SUPPLIED INFORMATION:
◆ ◆ ◆

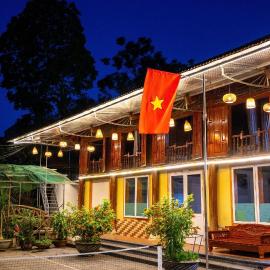 Tien Tour & Homestay: Bản Kin şehrinde bir otel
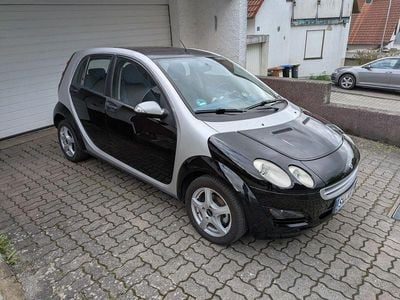 Usado Smart ForFour 95 HP (69 kW) 2005 Cinzento Citadino
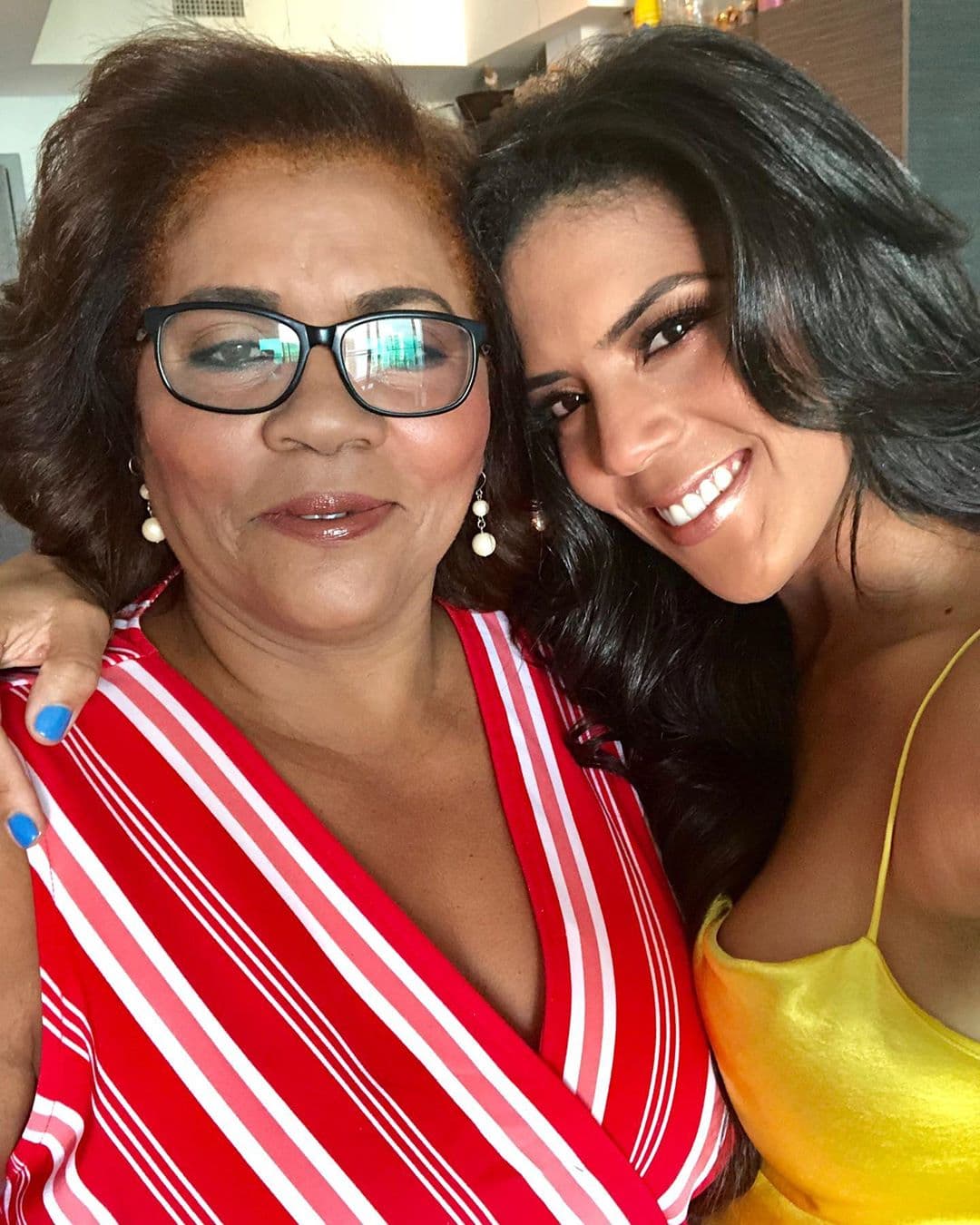 El domingo 26 de mayo aprovechó las redes sociales con más de 2 millones de seguidores para felicitarla en el Día de las Madres que se festejó este fin de semana en su natal República Dominicana: “Mami gracias por tus sacrificios, por tus cuidados, por defenderme siempre como leona y por tu amor incondicional”.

◆ ◆ ◆

WHAT TO PRODUCE: Your task is to set down each line above verbatim while excluding the pictures.

OUTPUT OF THE EXERCISE:
 Tien Tour & Homestay: Bản Kin şehrinde bir otel
 Usado Smart ForFour 95 HP (69 kW) 2005 Cinzento Citadino
 El domingo 26 de mayo aprovechó las redes sociales con más de 2 millones de seguidores para felicitarla en el Día de las Madres que se festejó este fin de semana en su natal República Dominicana: “Mami gracias por tus sacrificios, por tus cuidados, por defenderme siempre como leona y por tu amor incondicional”.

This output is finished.